◆ Task requirements ◆
Extract the lines from the first line of the records below through the line containing "Tintra Black Dress Jacket", inclusive, and reproduce them exactly as written.

===== Provided records =====

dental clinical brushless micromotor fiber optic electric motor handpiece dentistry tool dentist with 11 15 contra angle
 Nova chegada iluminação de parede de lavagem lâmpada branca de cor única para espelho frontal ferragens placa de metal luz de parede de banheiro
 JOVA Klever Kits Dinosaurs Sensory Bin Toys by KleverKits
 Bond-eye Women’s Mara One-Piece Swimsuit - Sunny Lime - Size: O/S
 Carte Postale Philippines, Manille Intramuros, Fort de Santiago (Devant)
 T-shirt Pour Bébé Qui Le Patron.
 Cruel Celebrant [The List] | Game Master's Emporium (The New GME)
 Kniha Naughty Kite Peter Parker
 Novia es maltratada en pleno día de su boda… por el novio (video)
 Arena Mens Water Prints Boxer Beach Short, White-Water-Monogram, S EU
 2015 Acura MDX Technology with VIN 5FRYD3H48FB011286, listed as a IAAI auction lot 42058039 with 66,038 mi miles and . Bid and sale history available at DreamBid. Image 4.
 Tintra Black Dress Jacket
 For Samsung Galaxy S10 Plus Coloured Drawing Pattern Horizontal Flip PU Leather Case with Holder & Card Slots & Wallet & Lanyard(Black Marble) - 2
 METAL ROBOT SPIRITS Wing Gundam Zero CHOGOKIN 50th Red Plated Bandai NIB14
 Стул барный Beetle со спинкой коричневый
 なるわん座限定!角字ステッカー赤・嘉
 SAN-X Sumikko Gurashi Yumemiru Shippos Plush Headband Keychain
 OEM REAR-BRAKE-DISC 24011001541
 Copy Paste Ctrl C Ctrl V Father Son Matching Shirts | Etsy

=====

◆ Task result ◆
dental clinical brushless micromotor fiber optic electric motor handpiece dentistry tool dentist with 11 15 contra angle
 Nova chegada iluminação de parede de lavagem lâmpada branca de cor única para espelho frontal ferragens placa de metal luz de parede de banheiro
 JOVA Klever Kits Dinosaurs Sensory Bin Toys by KleverKits
 Bond-eye Women’s Mara One-Piece Swimsuit - Sunny Lime - Size: O/S
 Carte Postale Philippines, Manille Intramuros, Fort de Santiago (Devant)
 T-shirt Pour Bébé Qui Le Patron.
 Cruel Celebrant [The List] | Game Master's Emporium (The New GME)
 Kniha Naughty Kite Peter Parker
 Novia es maltratada en pleno día de su boda… por el novio (video)
 Arena Mens Water Prints Boxer Beach Short, White-Water-Monogram, S EU
 2015 Acura MDX Technology with VIN 5FRYD3H48FB011286, listed as a IAAI auction lot 42058039 with 66,038 mi miles and . Bid and sale history available at DreamBid. Image 4.
 Tintra Black Dress Jacket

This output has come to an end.